What you should do: Type the data below again exactly. Omit all pictures.

Data segment:
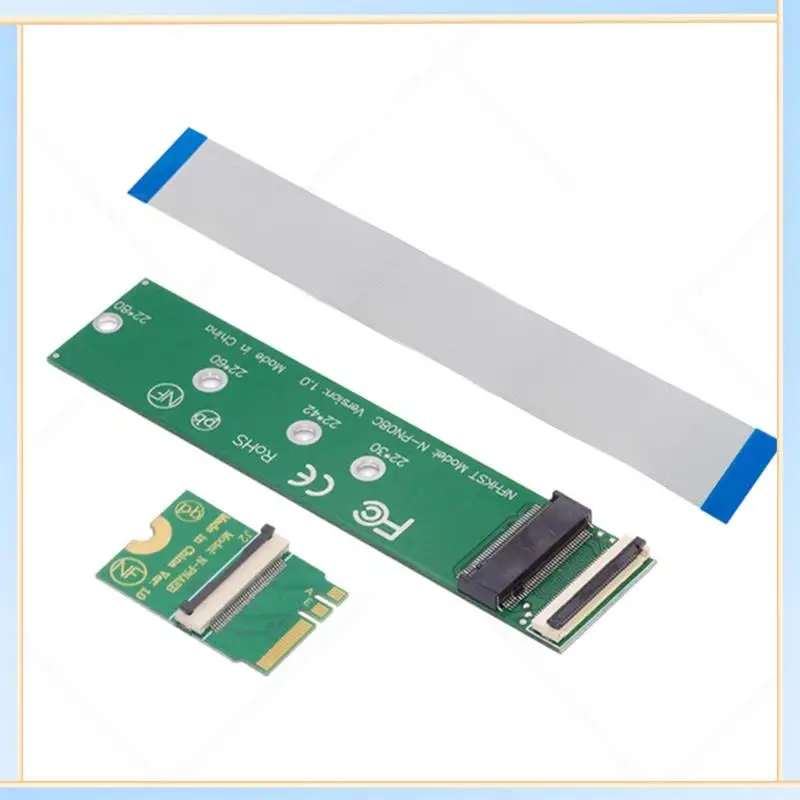 -A60I Key A+E Interface WIFI Tom.2 Key M Interface Adapter FPC Soft Bank SSD Connection Cable NVME Adapter Card NGFF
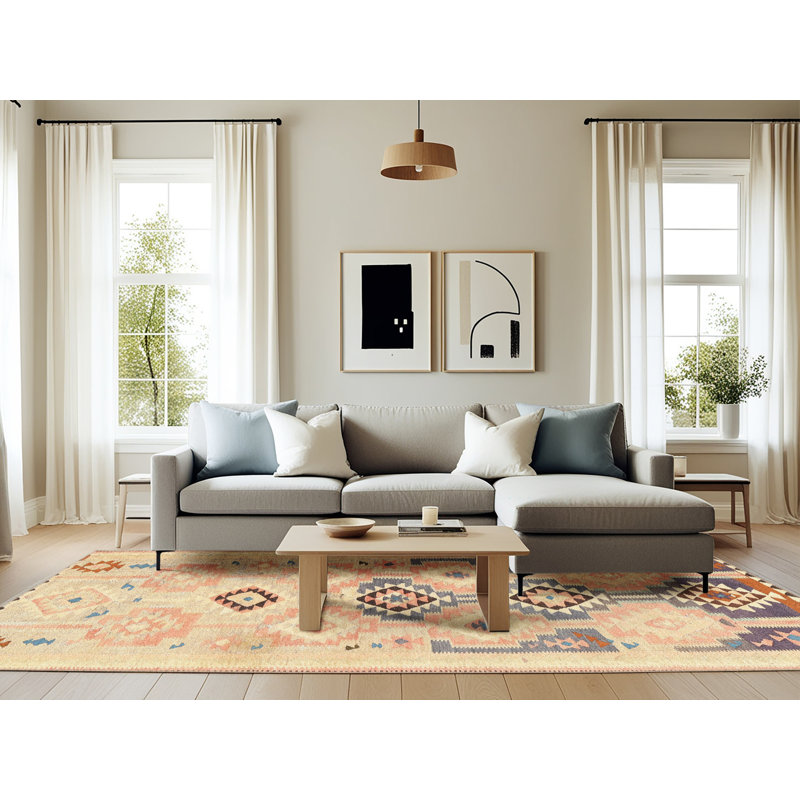 Castleford Southwestern Indoor Rug, Rectangle 6' x 9'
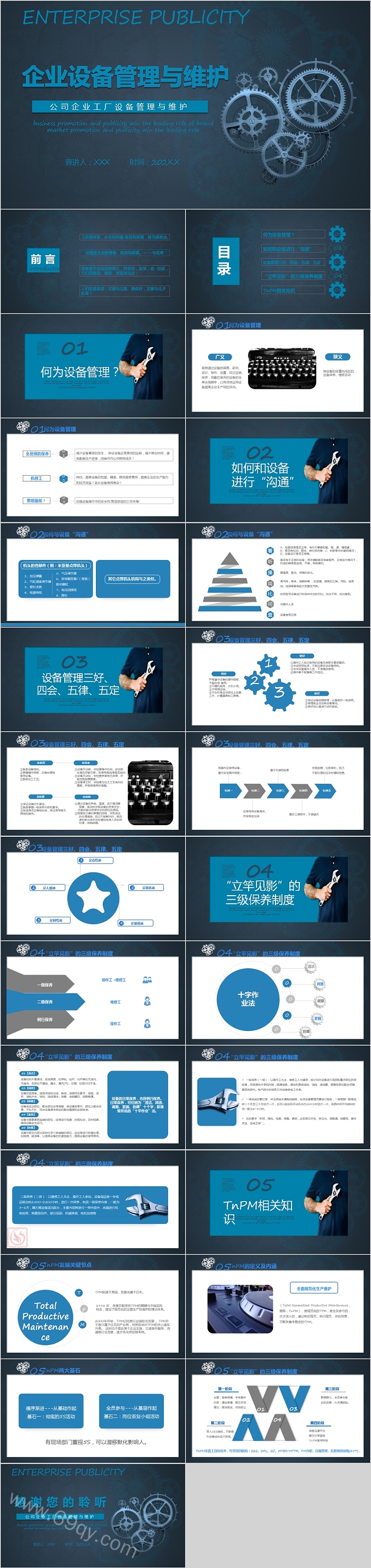 公司企业工厂设备管理与维护PPT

Answer to the exercise:
 -A60I Key A+E Interface WIFI Tom.2 Key M Interface Adapter FPC Soft Bank SSD Connection Cable NVME Adapter Card NGFF
 Castleford Southwestern Indoor Rug, Rectangle 6' x 9'
 公司企业工厂设备管理与维护PPT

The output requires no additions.